*What is expected*. From the line that contains "mzdioop Silla de" to the final line below, both included, print each line exactly and skip the pictures.

Dataset records:
###

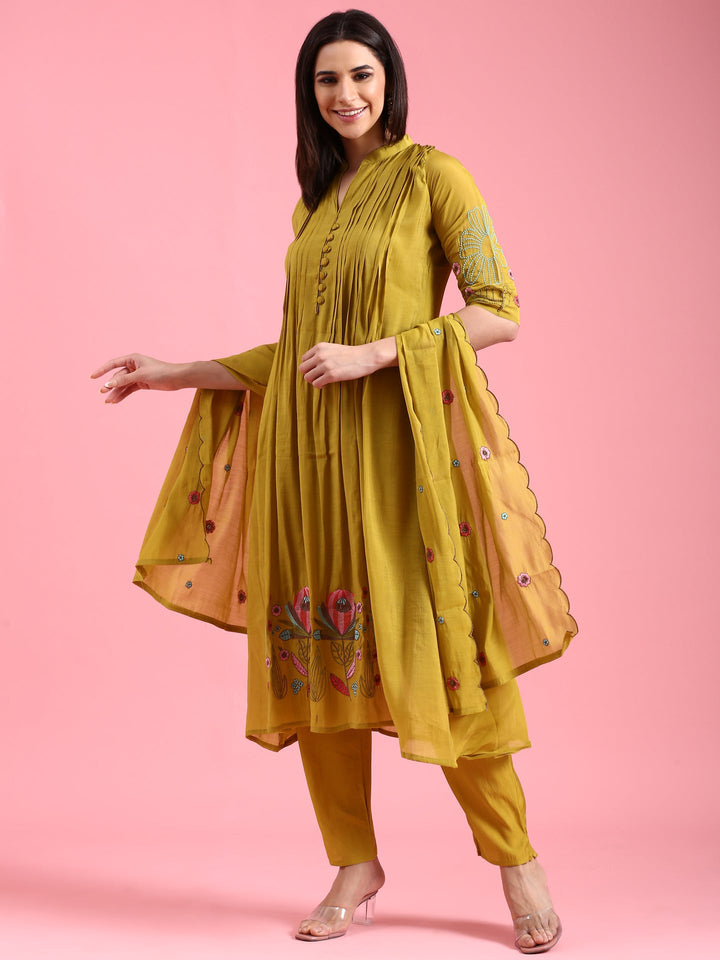 Neerus Green Chanderi embroidered A-line suit set - detail view 2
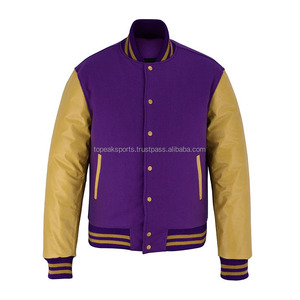 2026 OEM Most Selling Purple <b>Wool</b> With <b>Yellow</b> Leather Sleeves Varsity Jacket For Men's High Quality Low MOQ Heated Winter Jacket - Product Image 1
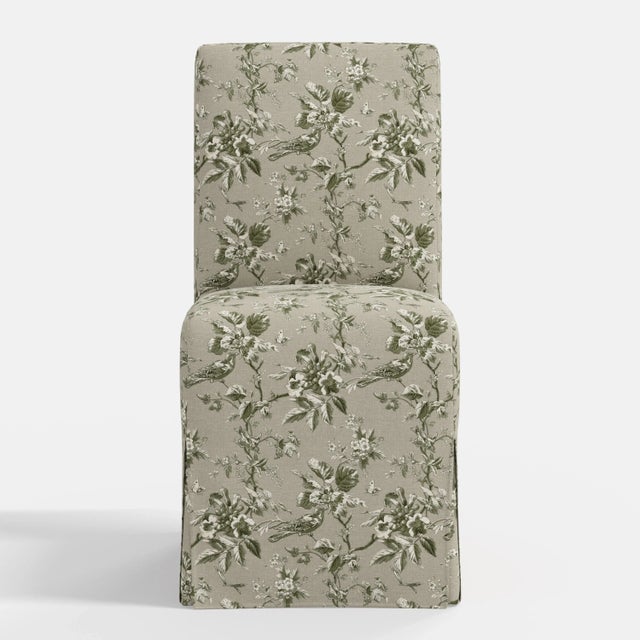 Cloth & Company Stoffer Home x Cloth & Company Lindy Slipcover Dining Chair in Michigan Bird Toile Olive For Sale - Image 4 of 6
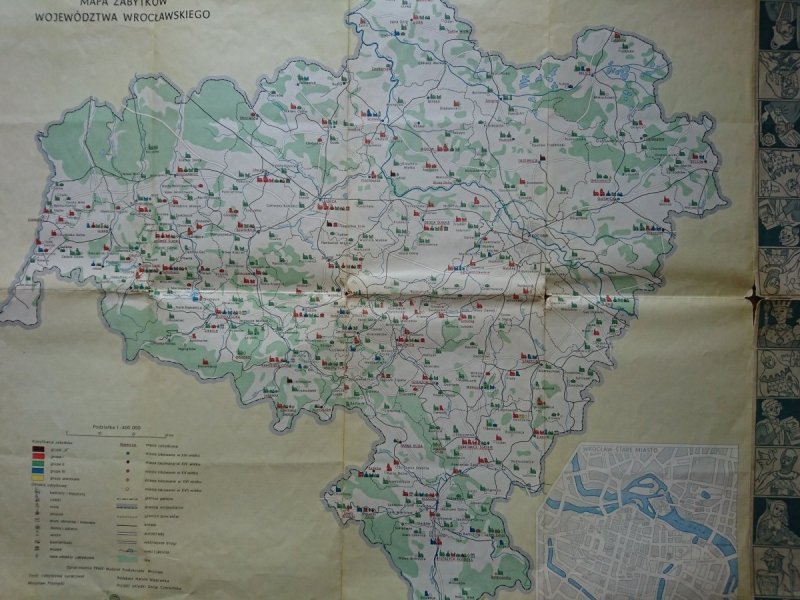 MAPA ZABYTKÓW WOJEWÓDZTWA WROCŁAWSKIEGO 1967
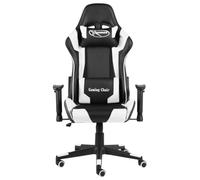 mzdioop Silla de gaming giratoria blanca PVC silla de oficina ergonómica con altura regulable y reposabrazos para estudio y habitación juvenil, cómoda silla de juego con soporte para la cabeza y la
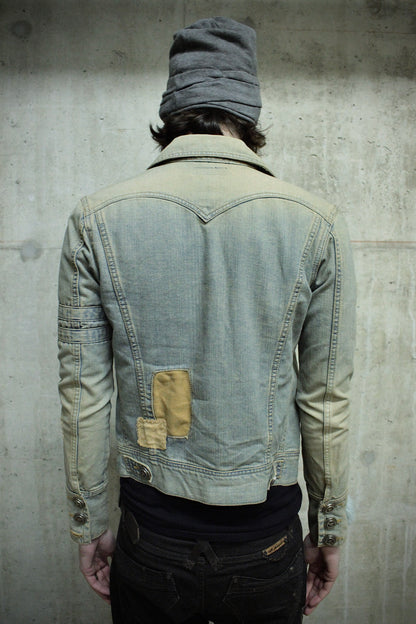 LED RECHWE Early 00s Vintage Wash Distressed Cropped Denim Trucker Jacket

###

*Exercise answer*.
 mzdioop Silla de gaming giratoria blanca PVC silla de oficina ergonómica con altura regulable y reposabrazos para estudio y habitación juvenil, cómoda silla de juego con soporte para la cabeza y la
 LED RECHWE Early 00s Vintage Wash Distressed Cropped Denim Trucker Jacket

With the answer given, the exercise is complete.